How I win every debate @1:04
One of greatest horror movies of all time thank you Mr Carpenter
I remember going to the movies to see this……2 hours of scary scary moments…..right up there with the first Alien movie
Better special effects than in 98% of movies today.
Normally "not like the good ol' days" comments are yawnsome, lol. But I agree with you here. Back then SFX - whether practical or CG - were expensive and usually got special consideration when making a movie. Now CG is comparatively cheap, and often gets little consideration. Movie makers often think CG can just be slapped on at the end. And Effects companies often have short deadlines to work with. Hence a lot of sfx look worse than they did 20+ years ago.
Of course. No movie has been released today.
The Thing is one of my favorite movies of all time and the visual effects for it is perfect for what it needs to do BUT NO, the special effects is not better than 98% of movies today. Technology has improved enough today they can improve on this while still utilizing the techniques from the past. Let's not be hyperbolic.
It's not about posibilities. Yes effects today CAN be better than this, but they rarely are.
Not really, most effects in movies today are so good you don't even notice they're there
The very last distant shot where it's standing there.... I agree that it's better with it not in the movie. It looks helpless just standing there and actually takes away from its power.
Think about it though: the Thing always wanted to remain hidden, secret.
It only came out as a crazy monster when detected.
MacReady said, " It'll fight if it has to, but it's vulnerable out in the open."
So maybe not as powerful as we imagine it to be?
@@matthewhudson5685 Makes sense, one thing I like about this movie is both sides are trying to survive, while also trying to corner the opposite side, foreshadowed with the chess game at beginning.
The Thing itself is like combination of Pawn & King piece. Both has the most limited movement, but if you let it go through, it can transform into another piece, just like the Thing. It's reasonable that it was mostly act as ambush predator.

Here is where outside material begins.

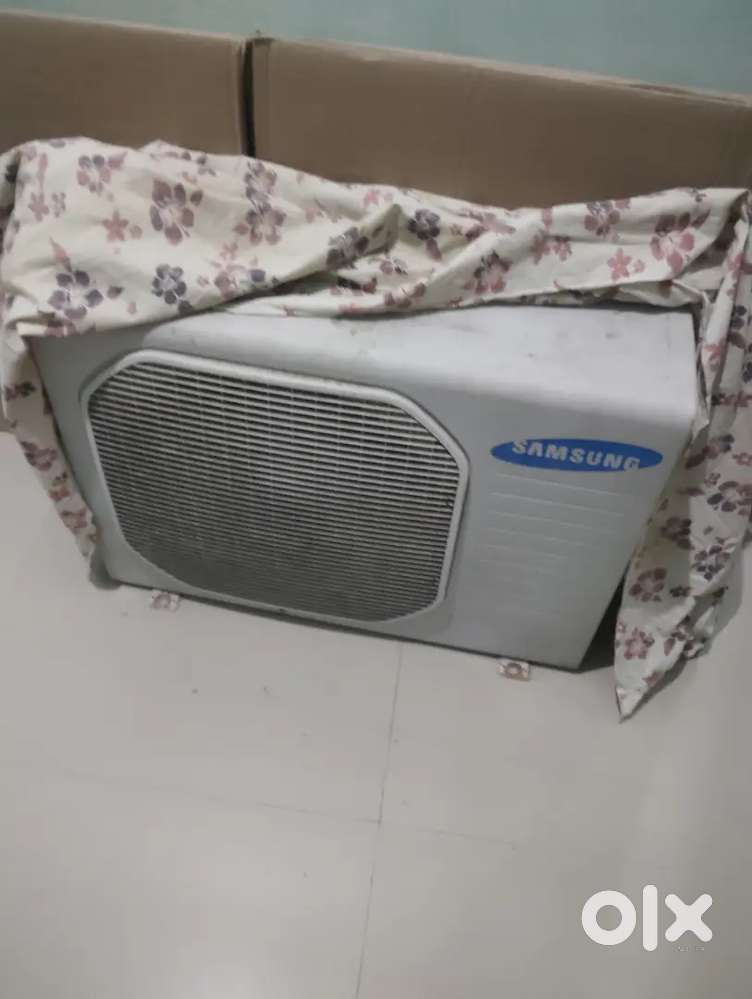 Samsung AC indoor and outdoor unit and stablizer.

Great analogy! @@raydhen8840
@@matthewhudson5685 Yeah that's an interesting perspective. I'll have to muse on this. Still, that particular shot is in such contrast to the rest of the movie.
That's how this scene makes me feel as well. A creature that just stands at the corner writhing and screaming can not hunt anything.

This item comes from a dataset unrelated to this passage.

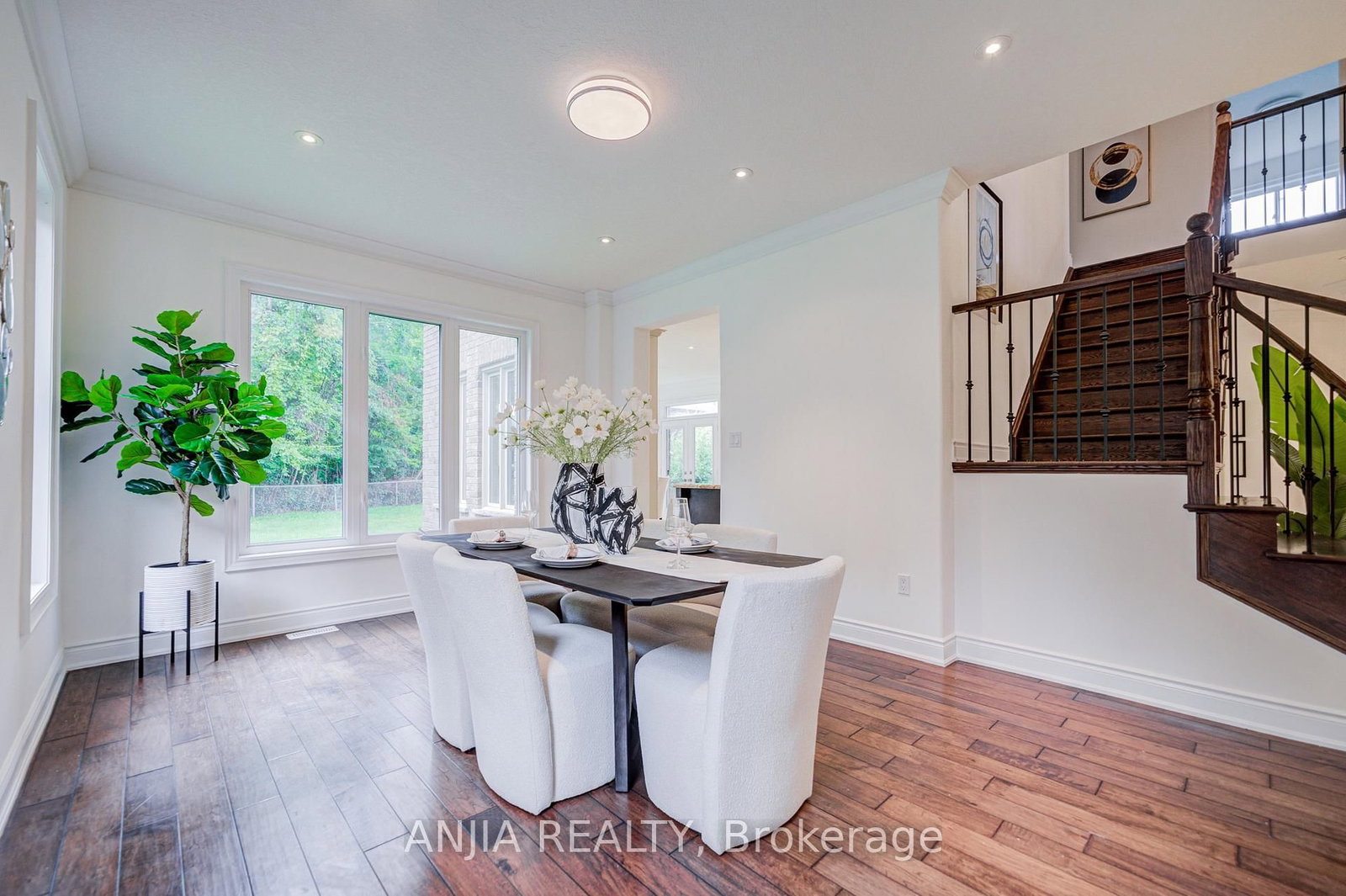 1087 Nantyr Drive • Innisfil, ON photo 14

So well done,you can see why they didn't add it. That reveal is truly hideous.
And not in the good way
nah its good
The puppetry effects was good until it pan out the stop motion was pretty underwhelming probably due to the lack of details and look and move like a miniature. Probably due to budget strain they could have just made a larger mechanical puppetry(human inside) while scaling down the barrels and sets to fit the right proportion to the creature for that zoom out shot.
@@kaibrunnenG You're absolutely right. But in films, the reasons why effects go wrong is usually making a decision to make something one way, seeing that it doesn't work, but having to go with that particular technique because time and money was already spent. I've been doing special effects makeup for over 35 years, and that is usually the case.
Still looks better than all the CGI garbage now. Like the 2011 "prequel" for example. They always go too far with it, try too hard, no matter how big the budget is you can tell it's drawn in with computers. Even badly done practical effects look more believable than literally any CGI/CG whatever technical crap you call it.
The Thing was an absolutely classic, it wasn’t missing anything with this scene cut. It’s so satisfying to read others opinion of what a great and underrated sci fi horror movie this shocker was when they saw it. I only went into my local cinema as a last minute decision after missing a bus to my girlfriends house in Manchester. England. I was caught in snowy conditions on a Sunday evening in winter 1982. Even the freezing Winter conditions at the time seemed like that of the Polar scientific station in the movie and added to the horror impact. I don’t recall any great publicity the movie at the time. Other than a well known British movie buff on BBC giving it a thumbs up it flew unnoticed under the radar. I’m a grown family many and 41 years later I swear I’d still look under the bed at night if I ever saw the movie before bedtime 😂
What happened to your then girlfriend, did you marry her?
Never forget that they had almost completed making ALL the actual working animatronics to be used in The Thing prequel movie, but someone decided at the last minute to instead copy them all note for note using that crummy CGI that wound-up in the film as released.
I saw pics of the actual work done by the amazing animatronics team side by side of the cgi crap, and it made me so fcking angry... 😠
The CGI (and inconsistent Thing behavior) ruined that movie.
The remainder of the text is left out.